Rapport retains its French pronunciation in English,
unlike report, in which the end –t is pronounced.
When the comedian Stephen Colbert hosted The Colbert Report, he encouraged viewers to pronounce the last word in the title like rapport, to match the pronunciation of his French-derived name.
Rapport and report share more than resemblance, however.
Both words derive from French verbs meaning “to bring back,”
deriving from the Latin verb portare, meaning “to carry.”
Rapport carried the original English meaning of “an act or instance of reporting,” a use that dropped out by the end of the 19th century; a report is an account or statement brought back (“read his report from the meeting”).
Merriam-Webster Dictionary
Trend Watch
Rapport
The final Colbert Report led to some unusual dictionary research ...
When:
Lookups spiked on December 19, 2014.
Why:
The final episode of the Colbert Report brought about an unusual bit of dictionary research:
many people googled the phonetic spelling repore
– a search which leads to the Merriam-Webster entry for rapport
- which has a silent t, as it does in French.
Just as Stephen Colbert's show threw a wrench in the cable news formula, it threw a wrench into English pronunciation: playing on the French silent t in his name, he made Report rhyme with a faux-French pronunciation.
In fact, the English words report and rapport are similar words borrowed from French;
in modern French they are a single word spelled rapport.
The audio pronunciations most frequently listened to at Merriam-Webster.com include many foreign terms
such as niche and schadenfreude,
but the problem of silent terminal letters in French
always makes English speakers curious (and perhaps insecure).
This isn't the first time Colbert had a run-in with the dictionary.
In 2006, his coinage truthiness was named Merriam-Webster's Word of the Year by an online popular vote.
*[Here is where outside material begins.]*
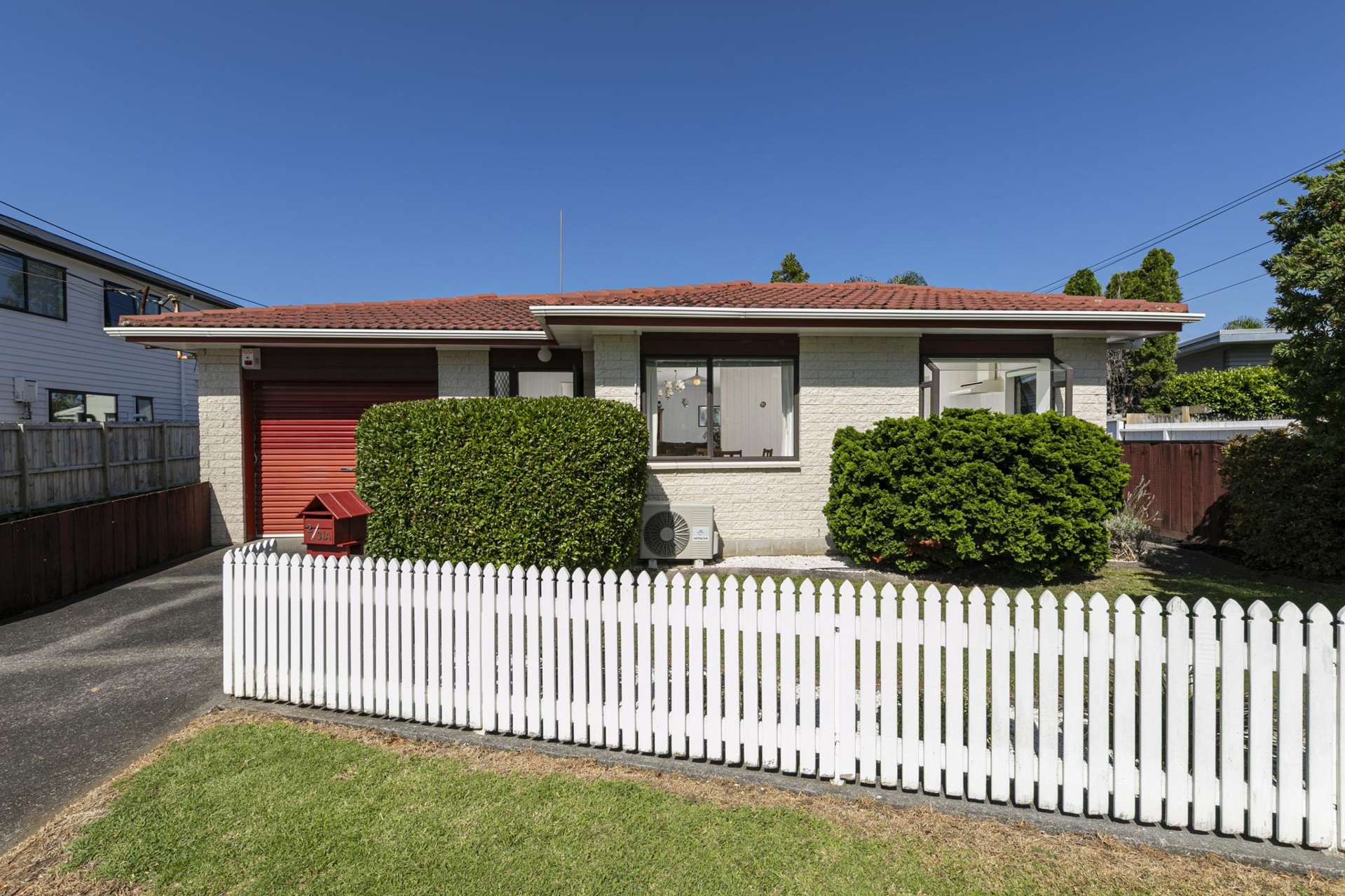 2/31A Colwill Road Massey_0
He responded by gloating on his program, then complaining that the word wasn't yet entered in our dictionary.
Common Errors In English Usage Dictionary
Rapport
Many more people hear this word, meaning “affinity,” than read it,
judging by the popularity of various popular misspellings
such as "rapore” and “rapoire.”
If you get along really well with someone, the two of you have rapport.